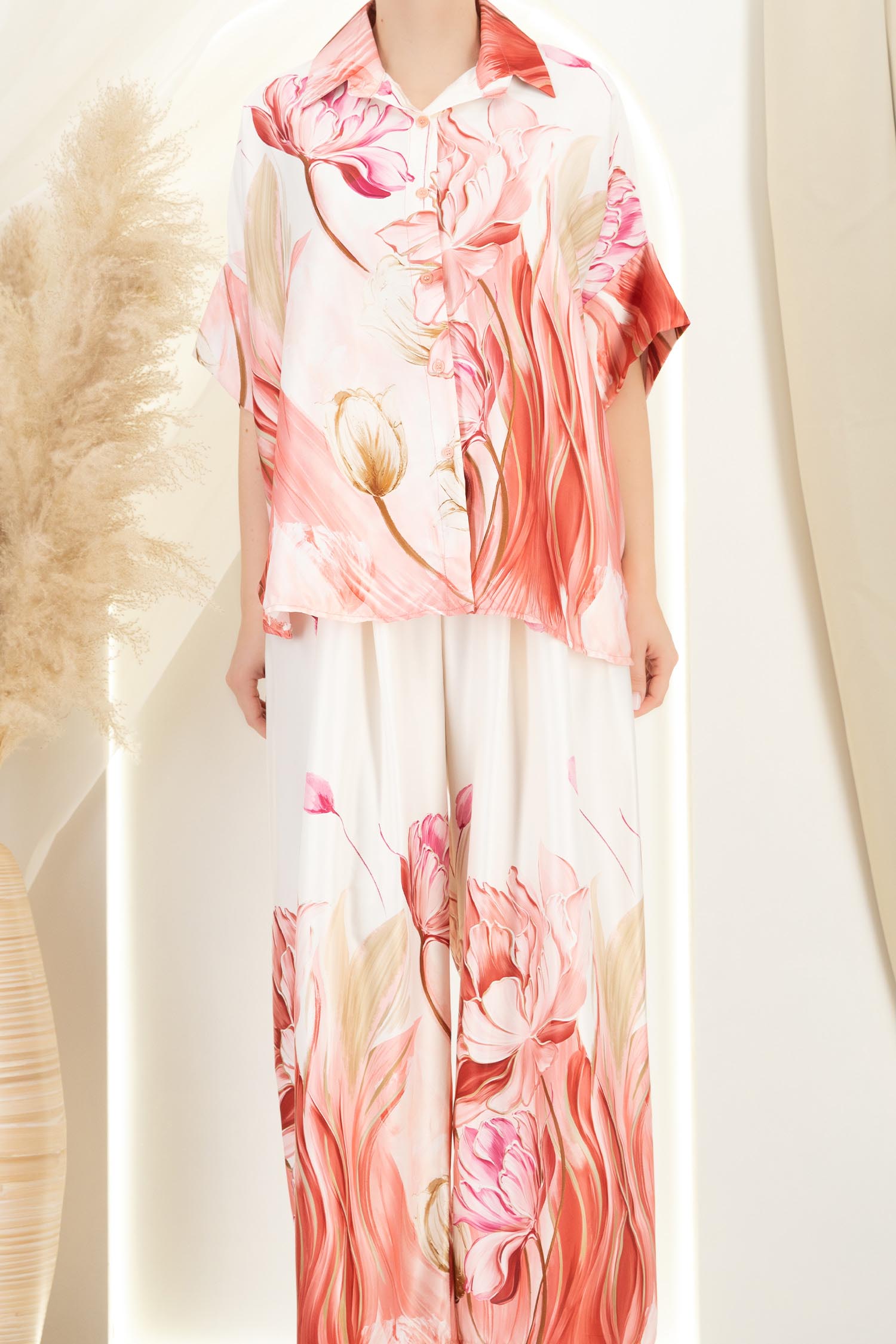 Compleu din material fluid roz cu un croi larg si imprimeu floral 4 - StarShinerS.ro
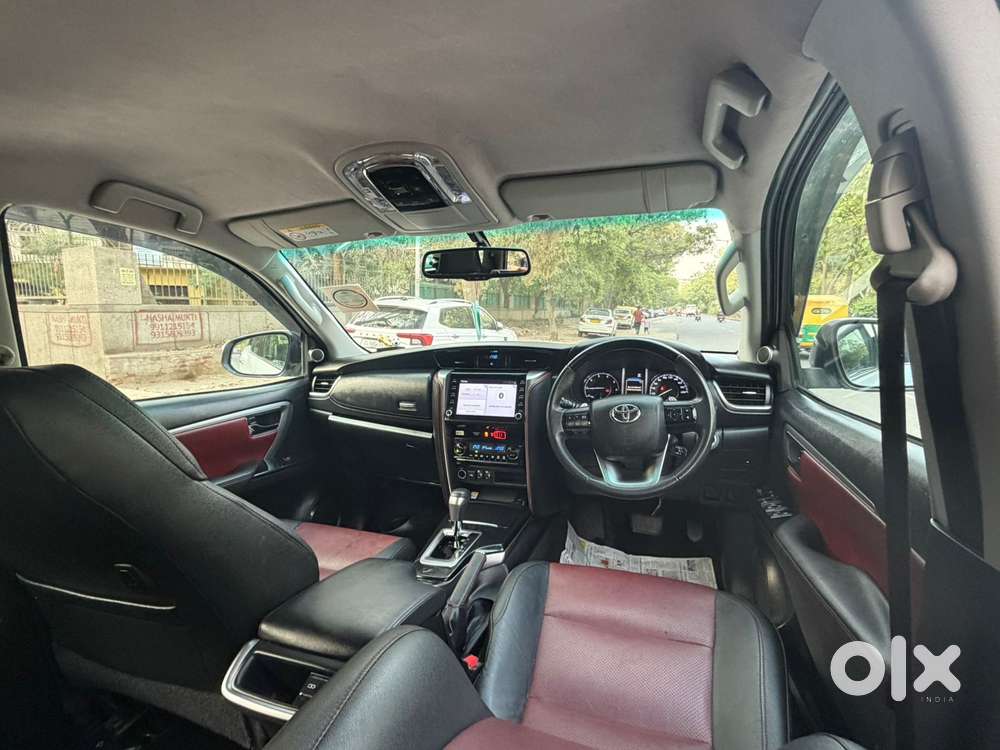 Toyota Fortuner Legender 4x2 At 2.8, 2024, Diesel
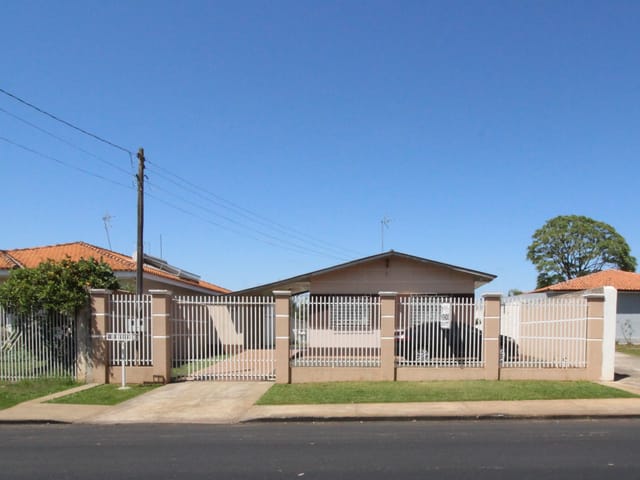 Casa com 630m² 2 quartos e 2 banheiros, à venda, no bairro Uvaranas em Ponta Grossa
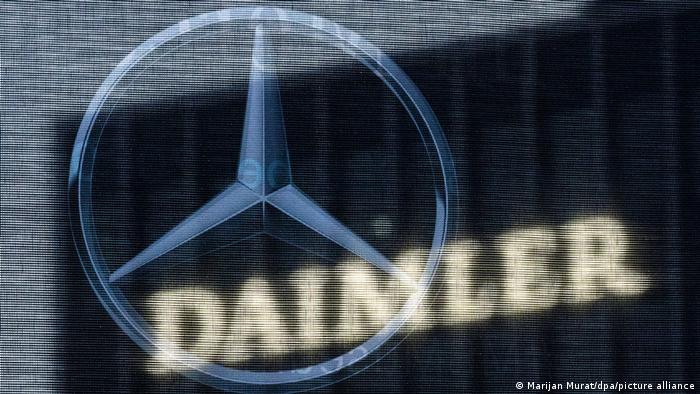 Według Renaty Jungo Bruengger, przedstawicielki zarządu Daimler AG, „podróbkami można zarobić pieniądze, tak jak w handlu narkotykami”
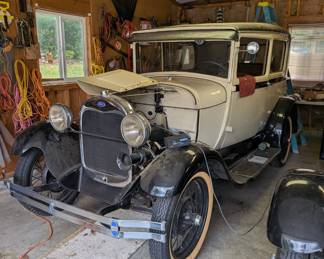 1929 Ford Model A 2 Door
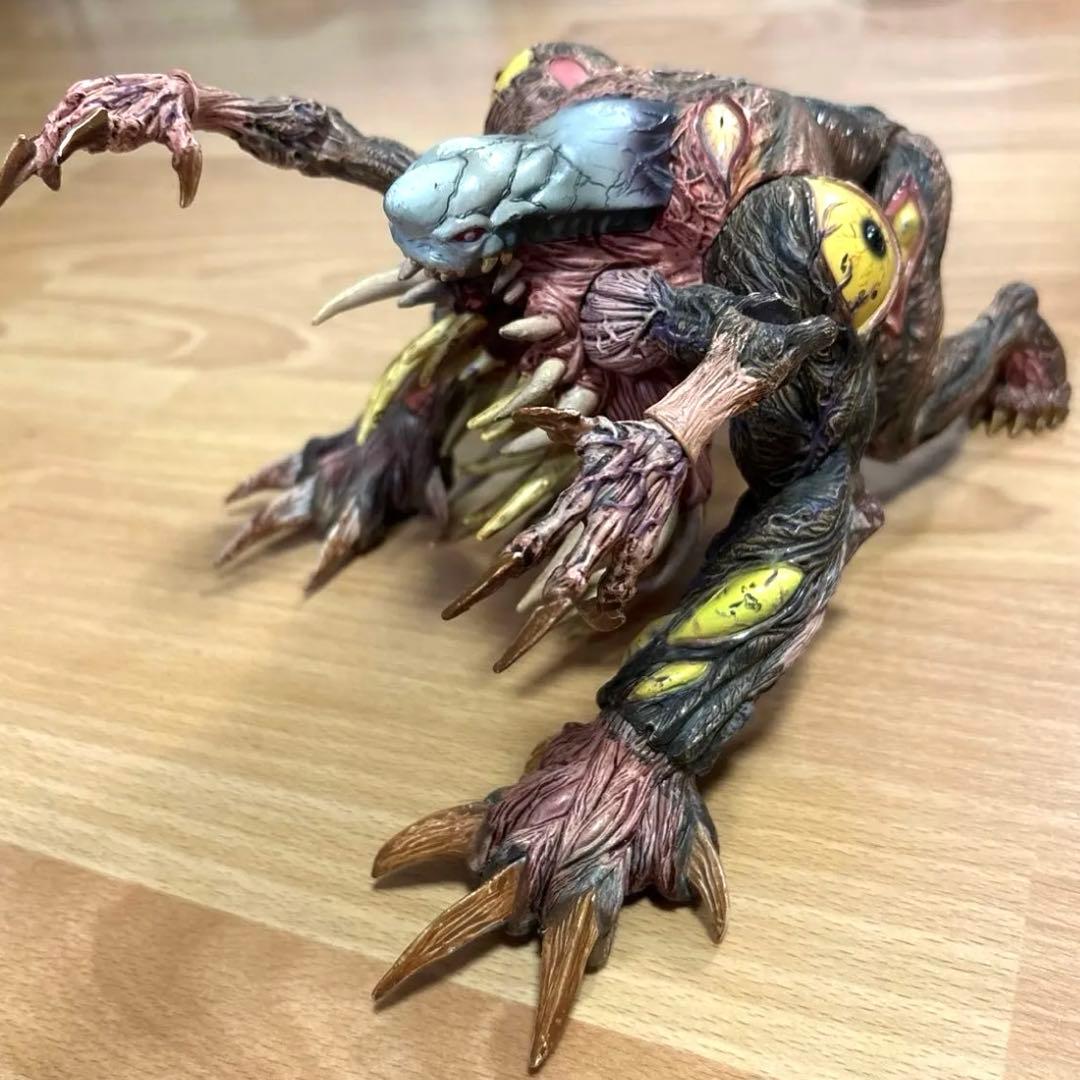 バイオハザード Ｇ ウィリアム・バーキン(第4形態) フィギュア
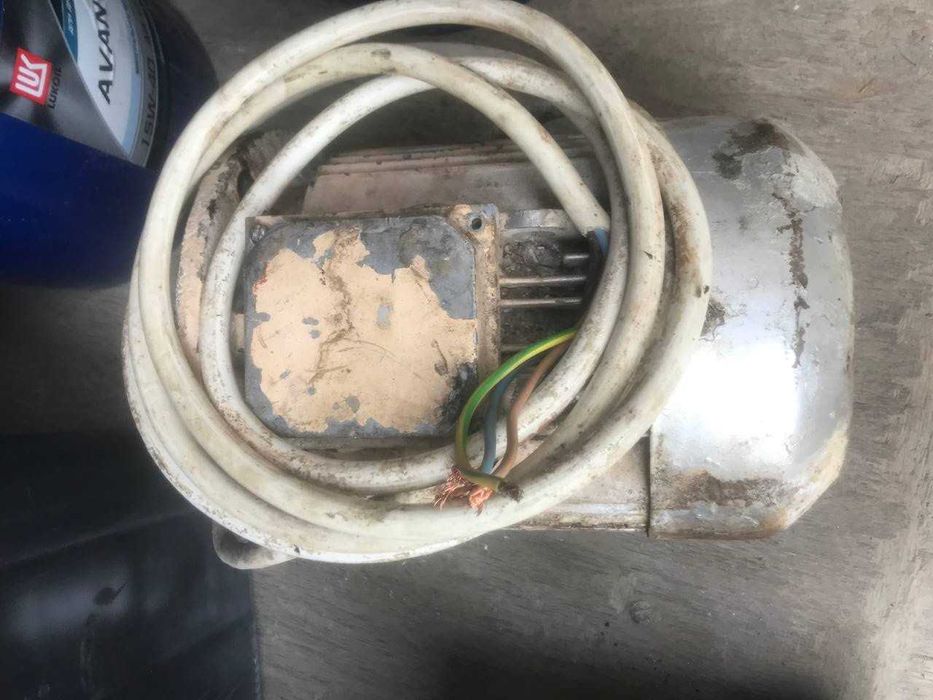 Продаётся Электродвигатель от советской тестомешалки, 3 кВт. Вал 24мм.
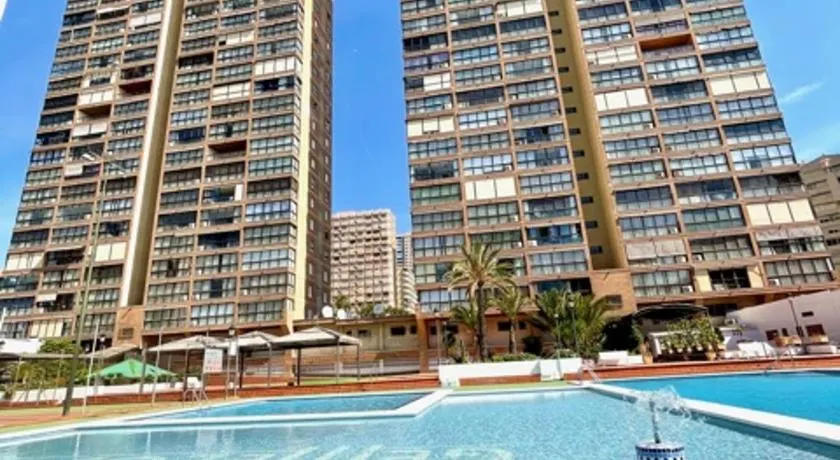 Los Gemelos 2 sin aire acondicionado - Aloturin Benidorm - Image 1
- - -
Task brief
When you transcribe the lines above, keep every word exact but leave the pictures behind.

Output for this exercise
 Compleu din material fluid roz cu un croi larg si imprimeu floral 4 - StarShinerS.ro
 Toyota Fortuner Legender 4x2 At 2.8, 2024, Diesel
 Casa com 630m² 2 quartos e 2 banheiros, à venda, no bairro Uvaranas em Ponta Grossa
 Według Renaty Jungo Bruengger, przedstawicielki zarządu Daimler AG, „podróbkami można zarobić pieniądze, tak jak w handlu narkotykami”
 1929 Ford Model A 2 Door
 バイオハザード Ｇ ウィリアム・バーキン(第4形態) フィギュア
 Продаётся Электродвигатель от советской тестомешалки, 3 кВт. Вал 24мм.
 Los Gemelos 2 sin aire acondicionado - Aloturin Benidorm - Image 1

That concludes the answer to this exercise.